Schematic representation of the interplay between endothelium-derived relaxing (nitric oxide – NO) and contracting factors. Under endothelial stimulation nitric oxide synthase (eNOS) is stimulated to generate NO from L-arginine and NO, diffusing to the underlying smooth muscle cells, induces relaxation by increasing the production of cyclic-GMP. In pathologic conditions, such as hypertension, endothelial stimulation also leads to an increased production of superoxide anions (O₂^–) by NADPH-oxidase (NADPH-ox) and cyclooxygenase (COX). Released superoxide is able to scavenge NO, thus reducing its bioavailability and impairing endothelium-dependent vasodilation. Additionally, stimulated COX also produces endoperoxides and consequently thromboxane-A₂, prostaglandin-E₂, prostaglandin-F_2α prostaglandin-D₂ and prostacyclin, which binding to a specific receptor (TP) on smooth muscle cells, cause vasoconstriction.

Figure 3

Change in forearm blood flow (FBF%) in the forearm microcirculation in response to increasing doses of the endothelium-dependent vasodilator acetylcholine in healthy subjects and hypertensive patients. (A) Both essential and secondary hypertensive patients clearly show a reduced maximal vasodilation to acetylcholine. Moreover, only in healthy subjects this response is inhibited by the co-administration of the eNOS inhibitor L-NMMA, demonstrating the presence of endothelial dysfunction in hypertensive patients (role of NO). (B) The vasodilation to acetylcholine is not influenced by the co-administration of the COX-inhibitor indomethacin in healthy subjects and in secondary hypertension, while it is improved in essential hypertensives, demonstrating the significant role of COX-derived contracting factors in this patients.
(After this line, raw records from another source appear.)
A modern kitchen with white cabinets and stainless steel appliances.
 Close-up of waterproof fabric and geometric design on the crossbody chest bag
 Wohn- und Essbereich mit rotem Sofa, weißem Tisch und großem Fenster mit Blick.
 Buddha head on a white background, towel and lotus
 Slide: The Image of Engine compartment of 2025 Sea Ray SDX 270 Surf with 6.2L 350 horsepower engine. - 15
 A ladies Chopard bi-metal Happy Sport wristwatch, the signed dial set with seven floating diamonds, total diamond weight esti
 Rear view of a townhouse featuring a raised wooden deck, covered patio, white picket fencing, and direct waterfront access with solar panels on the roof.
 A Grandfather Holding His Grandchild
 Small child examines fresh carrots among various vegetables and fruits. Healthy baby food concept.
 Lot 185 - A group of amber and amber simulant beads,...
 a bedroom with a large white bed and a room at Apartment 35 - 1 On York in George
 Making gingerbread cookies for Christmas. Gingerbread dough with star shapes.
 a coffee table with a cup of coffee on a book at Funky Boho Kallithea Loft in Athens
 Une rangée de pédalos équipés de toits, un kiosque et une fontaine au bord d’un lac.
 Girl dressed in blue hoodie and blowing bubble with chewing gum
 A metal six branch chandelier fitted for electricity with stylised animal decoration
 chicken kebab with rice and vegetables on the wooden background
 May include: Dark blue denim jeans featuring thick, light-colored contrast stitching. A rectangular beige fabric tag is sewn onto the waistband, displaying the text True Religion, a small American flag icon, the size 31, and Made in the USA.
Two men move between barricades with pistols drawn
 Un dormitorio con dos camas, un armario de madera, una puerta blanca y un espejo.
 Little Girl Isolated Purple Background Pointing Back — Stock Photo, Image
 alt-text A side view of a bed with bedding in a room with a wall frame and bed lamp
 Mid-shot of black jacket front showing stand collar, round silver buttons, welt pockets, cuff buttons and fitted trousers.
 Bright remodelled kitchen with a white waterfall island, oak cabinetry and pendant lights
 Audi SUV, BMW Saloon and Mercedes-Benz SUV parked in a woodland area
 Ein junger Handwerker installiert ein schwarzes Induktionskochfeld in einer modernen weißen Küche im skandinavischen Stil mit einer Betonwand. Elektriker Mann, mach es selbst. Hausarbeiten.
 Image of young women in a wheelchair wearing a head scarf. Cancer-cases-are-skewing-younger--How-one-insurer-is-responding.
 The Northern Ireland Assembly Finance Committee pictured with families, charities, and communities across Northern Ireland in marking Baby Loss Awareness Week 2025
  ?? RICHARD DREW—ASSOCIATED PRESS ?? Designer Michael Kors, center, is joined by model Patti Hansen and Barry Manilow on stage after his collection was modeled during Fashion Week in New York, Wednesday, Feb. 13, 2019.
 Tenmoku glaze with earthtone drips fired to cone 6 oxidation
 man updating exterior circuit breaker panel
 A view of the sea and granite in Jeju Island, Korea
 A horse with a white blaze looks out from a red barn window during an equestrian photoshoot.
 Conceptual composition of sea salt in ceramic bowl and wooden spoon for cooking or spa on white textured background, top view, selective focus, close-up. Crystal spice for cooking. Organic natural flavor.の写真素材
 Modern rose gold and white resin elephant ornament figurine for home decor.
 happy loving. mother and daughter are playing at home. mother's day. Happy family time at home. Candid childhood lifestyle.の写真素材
Reproduced using data from Taddei et al. (1997b). COX, cyclooxygenase; eNOS, nitric oxide synthase; L-NMMA, monomethyl-L-arginine.

Figure 4

Bars show the potentiating effect induced by indomethacin infusion (50 µg·100 mL^–1 forearm tissue per minute) on the vasodilating response to acetylcholine in normotensive subjects and patients with essential hypertension divided into subgroups according to age.